### Exercise details:
All records below must be reproduced exactly, although any pictures they contain are to be omitted.

Brief descriptive captions:
------------------------------------

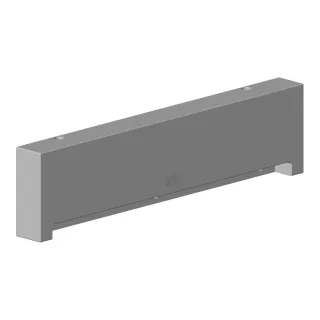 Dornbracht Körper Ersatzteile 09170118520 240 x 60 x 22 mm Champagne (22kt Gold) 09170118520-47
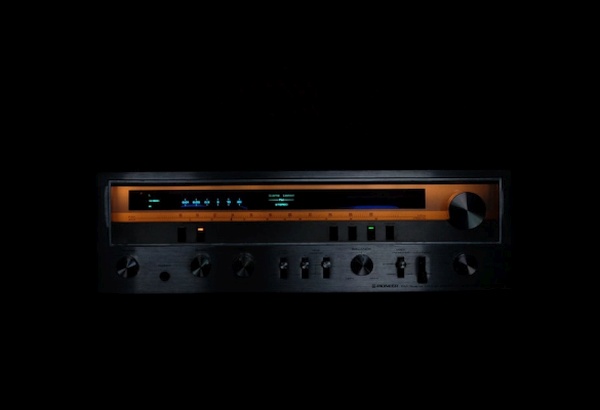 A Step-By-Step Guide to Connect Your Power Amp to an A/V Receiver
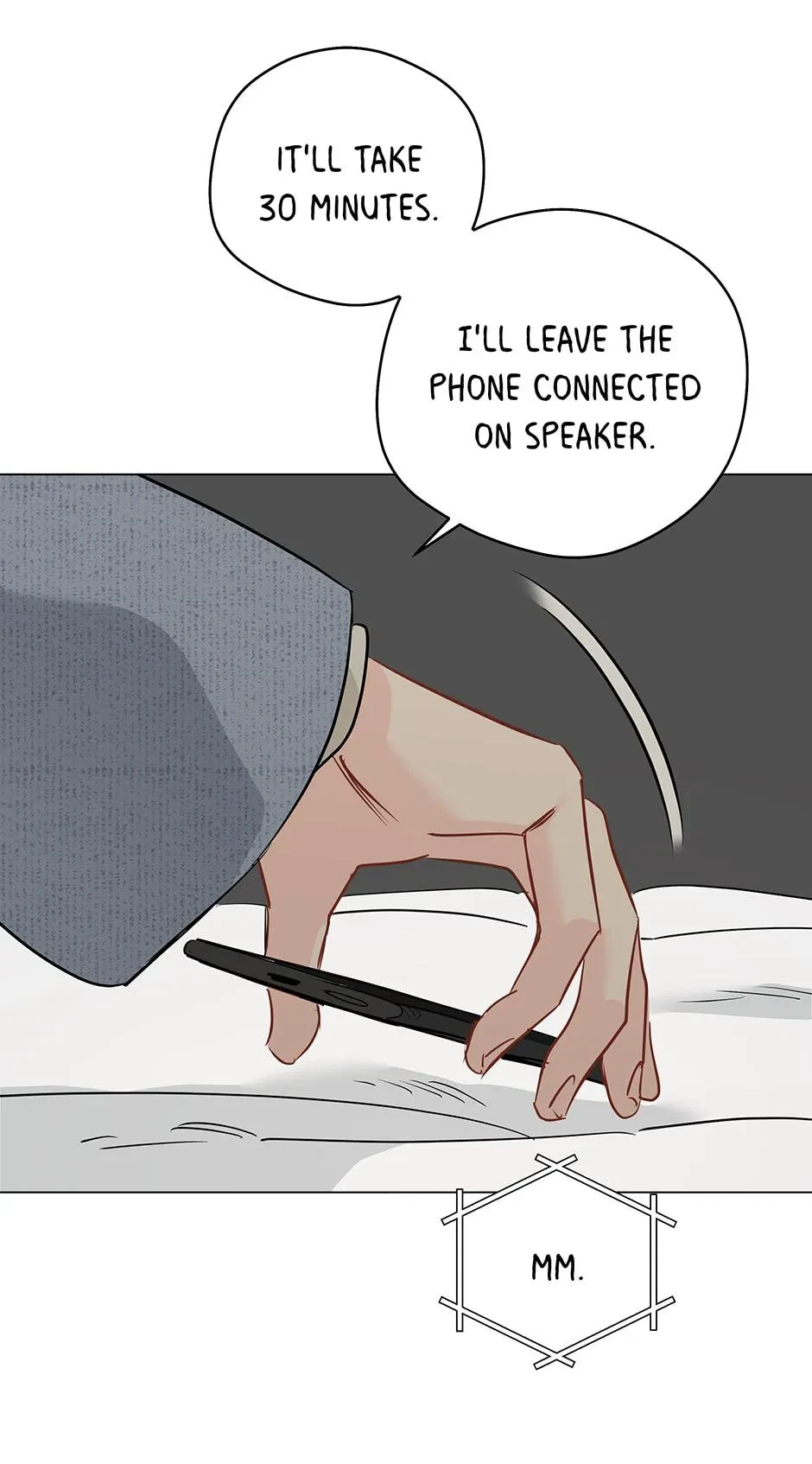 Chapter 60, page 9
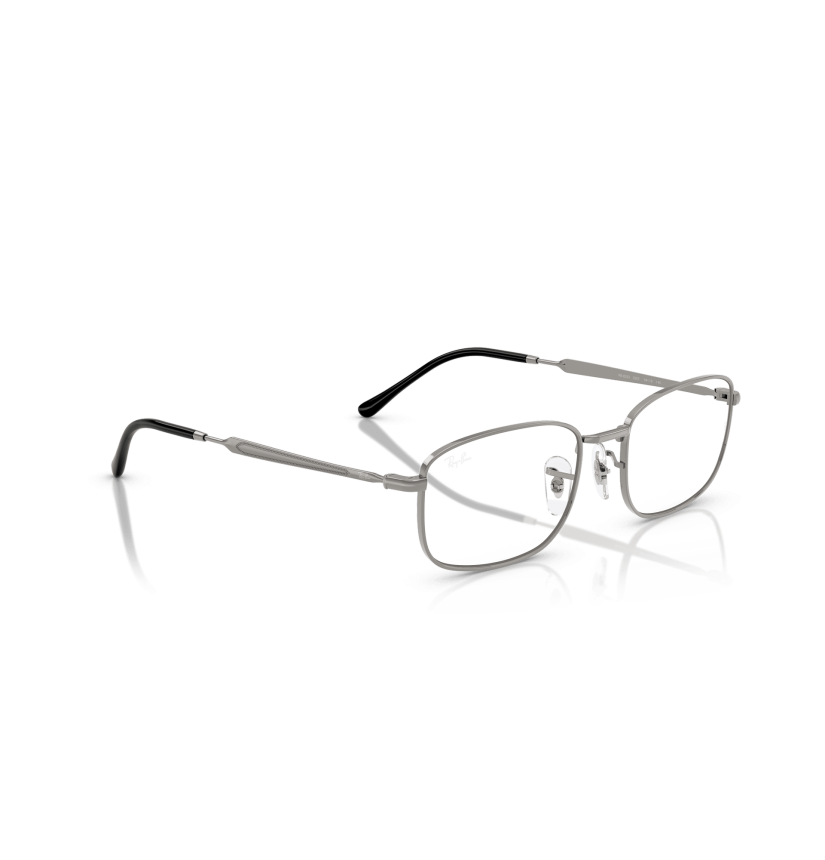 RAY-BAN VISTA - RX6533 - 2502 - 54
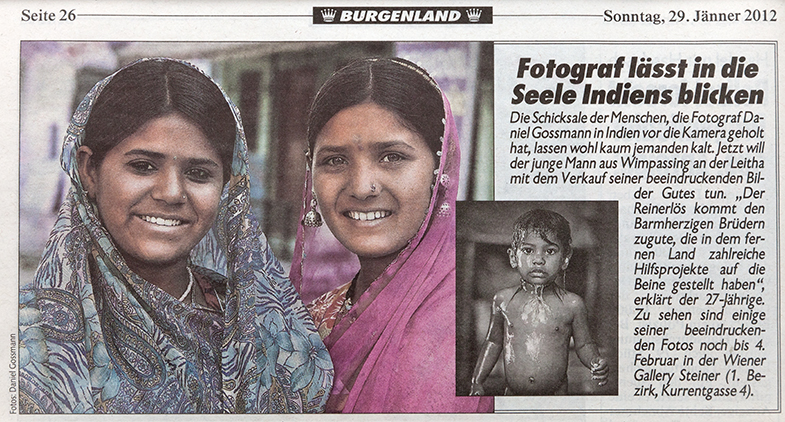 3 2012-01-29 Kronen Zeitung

------------------------------------

### The completed task:
 Dornbracht Körper Ersatzteile 09170118520 240 x 60 x 22 mm Champagne (22kt Gold) 09170118520-47
 A Step-By-Step Guide to Connect Your Power Amp to an A/V Receiver
 Chapter 60, page 9
 RAY-BAN VISTA - RX6533 - 2502 - 54
 3 2012-01-29 Kronen Zeitung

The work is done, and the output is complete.